How it works: The samples will be turned into fibroblasts. Researchers can then access these fibroblasts and turn them into pluripotent stem cells. Basically that means a skin cell can turn into a brain cell. Scientists can then do experiments on these cells, like testing drugs and gene therapies to see if symptoms go away. Also these cells are used to learn more how each mutation affects the body. FOXG1 Research Blackswan Foundation will be initiating/funding a study of a large group of biopsies towards the end of 2018, and all participating families will gain in-depth information about their child, how your child's biology is affected by his/her mutation.

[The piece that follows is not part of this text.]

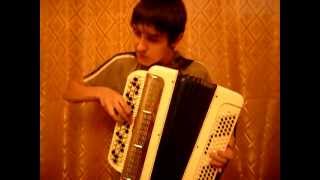 Русская песня на баяне / Russian song on the button accordion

NIGMS employs the highest caliber standards and most biotech companies won’t look into a disease unless fibroblasts are available within their Biobank. Once your child’s sample is in the biobank, a number will be given that can connect to your child’s Natural History Study
Please enter your information here: https://www.foxg1research.org/child/
We will contact you with next steps and more information. NIGMS has prepared a kit for your doctor to use.
This is a big step for the entire FOXG1 community!! We thank NIGMS for giving us this opportunity!